夕阳渐渐隐入后山,群鸟扇动着翅膀飞回巢穴,夜色层层加深,越来越浓。弘一法师知晓生命将熄,便向一直守护着他的传贯法师口述遗嘱:
命终前请在布帐外助念佛号,但亦不必常常念。命终后勿动身体,锁门历八小时。八小时后,万不可擦身体洗面,即以随身所着之衣,外裹破夹被,卷好,送往楼后之山凹中。历三日有虎食则善;否则三日后,即就地焚化。焚化后再通知他位,万不可早通知。余之命终前后,诸事极为简单,必须依行,否则是逆子也。
生命至此,弘一法师对一切皆已释然,内心再无憾事。
数月过去,寒冬已逝初春至。温陵养老院墙外的三角梅,在清风的吹拂下,次第盛开。许是此生使命未完,彼岸还在前方,弘一法师经过调养,渐渐痊愈。
众僧前来探望,问及他的病况。
“不要问我病好没好,而要问我念佛没念佛。”弘一法师一字一句,说得极为严肃。
还有什么值得惧怕呢,还有什么可留恋呢?历经生死之后,内心更具馥郁之气。
清晨,花开无声;黄昏,空中无痕。在晨昏暮晓的轮回中,自然中总会有新的寓意与启示,只要善于倾听内心的声音。
花开次第,悲欣交集
一切有为法,如梦幻泡影,如露亦如电,应作如是观。
时光匆匆,走走停停,所有美好的、惨淡的,都将沦为回忆,有些化作天边绚烂的虹,有些凝成心底深刻的疤。而在闽南弘法的十余年,是弘一法师一生中不可复制的精妙时光。春暖花开的城里,终开出一段桃李芬芳的岁月。
此时的他,已是暮年。寻寻觅觅这么多年,寻到的是什么;遁入空门是为遗忘,是否已经遗忘?弘一法师抬头看见流云变幻出万千姿态,叹息一声,无法回答。

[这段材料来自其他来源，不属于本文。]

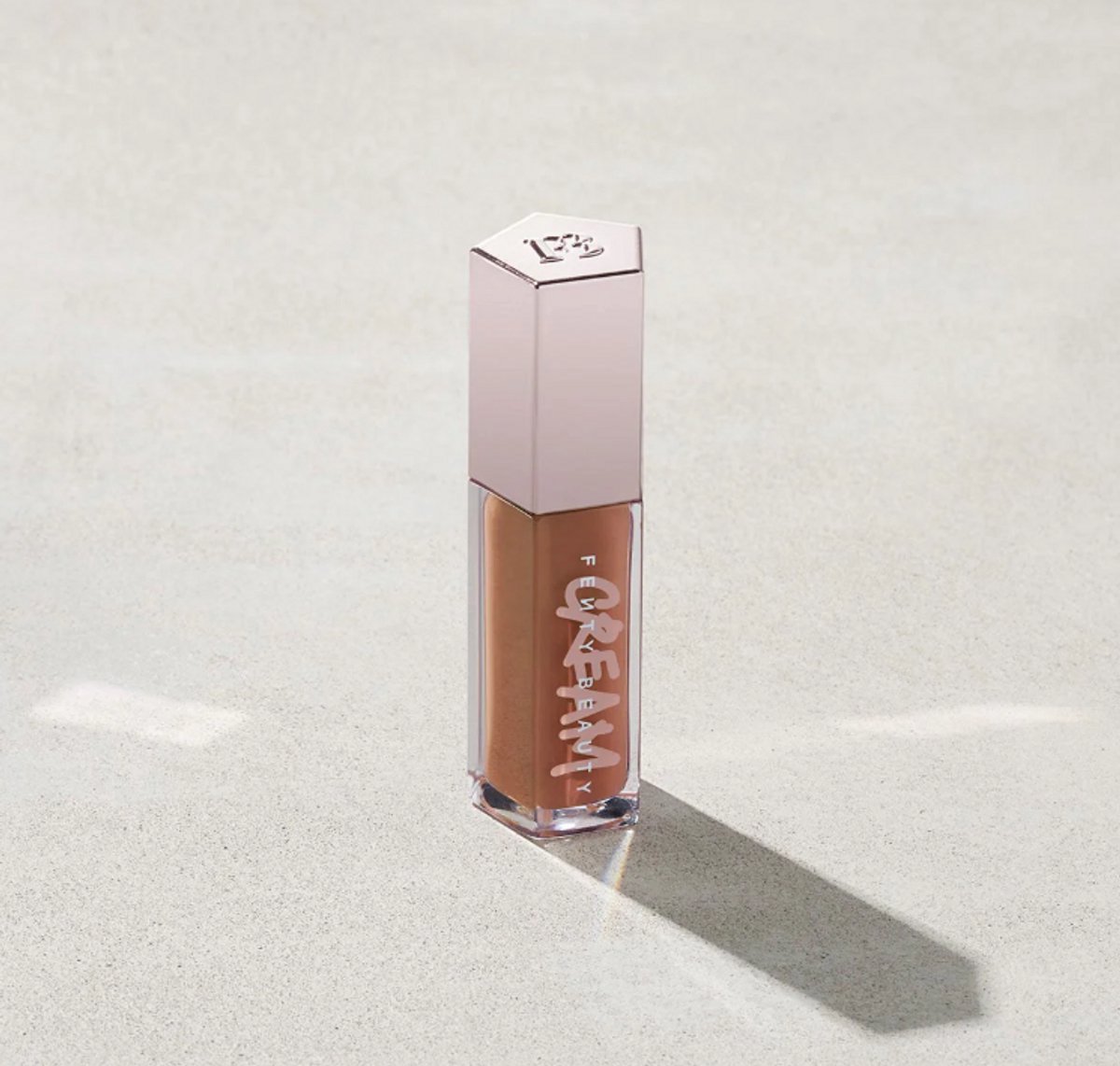 Fenty Beauty Gloss Bomb Cream Lip Cream Honey Waffles 03 – Romige Lipgloss met Intense Kleur & Glans – 9ML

民国二十七年(1938年)十一月十四,风有些凉薄,就像人心一样。
弘一法师在泉州承天寺“佛教养正院同学会”上作了《最后之忏悔》的演讲。
日寇频频入侵,弟子四处流亡,一切都染上了沧桑。弘一法师感叹时光流逝之迅疾,亦为自己近年来因弘法而不得不会客的生活,感到深深的愧疚。
“啊,再过一个多月,我的年纪要到六十了。像我出家以来,既然是无惭无愧,埋头造恶,所以到现在所做的事,大半支离破碎不能圆满,这个也是份所当然。只有对于养正院诸位同学,相处四年之久,有点不能忘情。我很盼望养正院从此以后,能够复兴起来,为全国模范的僧学院。可是我的年纪老了,又没有道德学问,我以后对于养正院,也只可说‘爱莫能助’了。”
夕阳渐渐落入山后,暮云镶上了金边,一切即将隐没于深浓的夜色中。纵然弘一法师已然看透生死,但仍对这个世间存有一丝眷恋,一丝期待。曾经,他是一个风流倜傥的才子;如今,他是一个遁入空门的僧侣。在最后的演讲中,他的心底难免会透出一点俗世的温情。“未济终焉心飘渺,万事都从缺陷好;吟到夕阳山外山,古今谁免余情绕。”
他以清代龚自珍之诗为这次演讲画上了句号。
世间从不存在圆满之事,修行也从无终点。黄昏之际,弘一法师看到群鸟归山,心中余情回荡。他从纸稿中抬起头,与在座之人眼神交汇,片刻之后又慢慢低下头。那湿润的眼眶里,饱含着长长的一生。屋内鸦雀无声,静得连根针掉到地上的声音都听得见。他站起身来,深深地弯下腰,向听众鞠躬,而后拿起厚厚的纸稿,走出门,像走进另一个世界。
对尘世心生淡淡的留恋,是内心的真感受,无法逃避,也不用自责,接受它便好。恍然之间,弘一法师仿佛寻到了生命的答案:一切应当顺其自然,不必刻意而为。
生何欢,死何欢。在舟上摇摇晃晃这许多时日,只为渡到彼岸。
光阴一寸寸剪短,生命之灯愈来愈暗,为何前方仍是雾霭迷蒙,彼岸在何处?青莲是否已经盛开?
弘一法师日夜辗转,只为寻找一间静心修行的山房,终不得遂愿。他愿在内心的平和中,在涤荡灵魂的梵音里,追求瞬间之永恒,然而时光从指缝间漏下,不留一丝痕迹。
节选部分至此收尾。